Nit: Depending on where this script is run the ../../../ may not lead where you expect. Here is an example of having this work in all cases:

https://github.com/ucb-bar/chipyard/blob/dcf8da4b2d3a4deead95462fce36a6db5693ed45/scripts/build-toolchains.sh#L9-L18

abejgonzalez · 2022-02-21T17:57:06Z

src/main/scala/HellaCachePrefetcher.scala

+
+  //print snoop
+  when (prefetcher.io.snoop.valid) {
+    val last_snoop_addr = prefetcher.io.snoop.bits.address


This also (marginally) speeds up simulation since prints are semi-costly.

abejgonzalez · 2022-02-21T17:58:58Z

benchmarking/L1-benchmarking.py

+            resp_cycles = resp[1]
+            resp_addr = resp[4]
+            if (resp_addr in snoops): 
+                if (((int(resp_cycles) - int(snoops[resp_addr])) >= 5) and (int(resp_cycles) - int(last_resp_cycle) > 3)):


Nit: I would shift the int() casting to be right when you access the string (i.e. resp_cycles = int(resp[1]))

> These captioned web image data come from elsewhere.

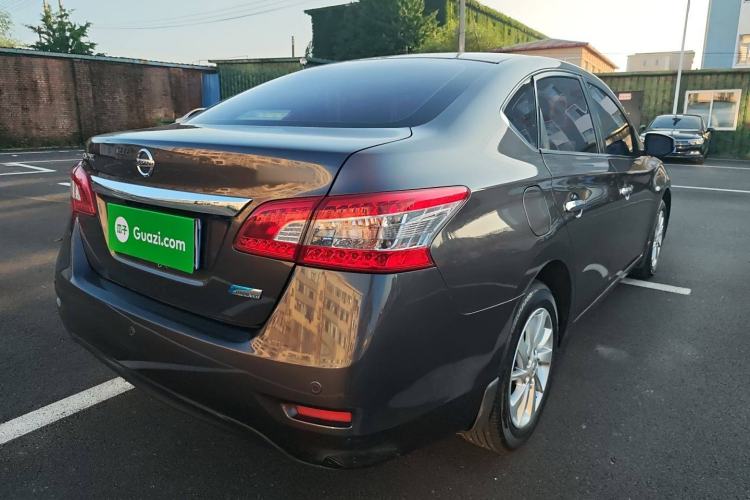 Used Nissan Sylphy 2012 1.6 XL CVT Luxury Edition
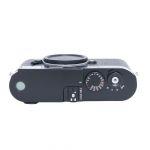 Leica M 8.2 Gehäuse, schwarz, (1690 Auslösungen), Sn.3557473, ArtNr.10711, OVP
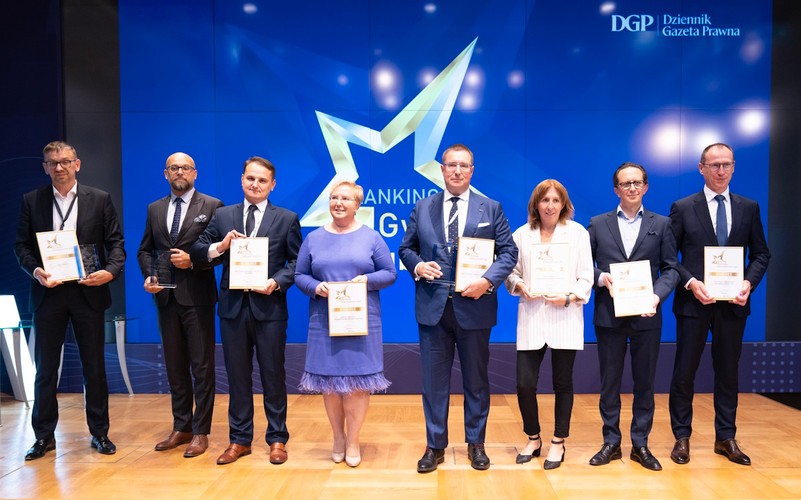 Najlepsi ubezpieczyciele odebrali nagrody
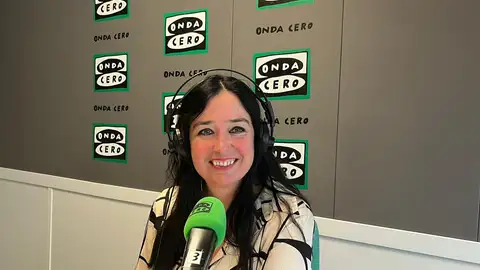 Lorena Orduna en Onda Cero Huesca Lorena Orduna en Onda Cero Huesca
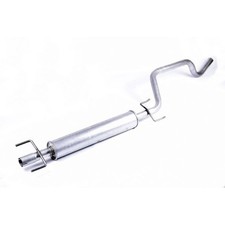 Centre Exhaust Box Silencer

abejgonzalez · 2022-02-21T18:01:48Z

src/main/scala/HellaCachePrefetcher.scala

+
+  //print response
+  when (cache.io.cpu.resp.valid && !isPrefetch(cache.io.cpu.resp.bits.cmd)) {
+    printf(p"Cycle: ${Decimal(cycle_counter)}\tResp Addr: ${Hexadecimal(cache.io.cpu.resp.bits.addr)}\n")


If you don't want a person to read this output and instead have the script parse/understand it only, you can simplify this to print a bit faster (i.e. a schema like "type, addr, cycle")

abejgonzalez · 2022-02-21T18:03:23Z

benchmarking/L1-benchmarking.py

+    accesses = {"hits": [], "misses": []}
+    last_resp_cycle = 0
+    for line in lines:
+        if 'Snoop' in line:


Nit: This is relatively brittle. What happens if the config you build has other printfs inside it that have Resp/Snoop in it. IMO you should use Python re to create a regex match.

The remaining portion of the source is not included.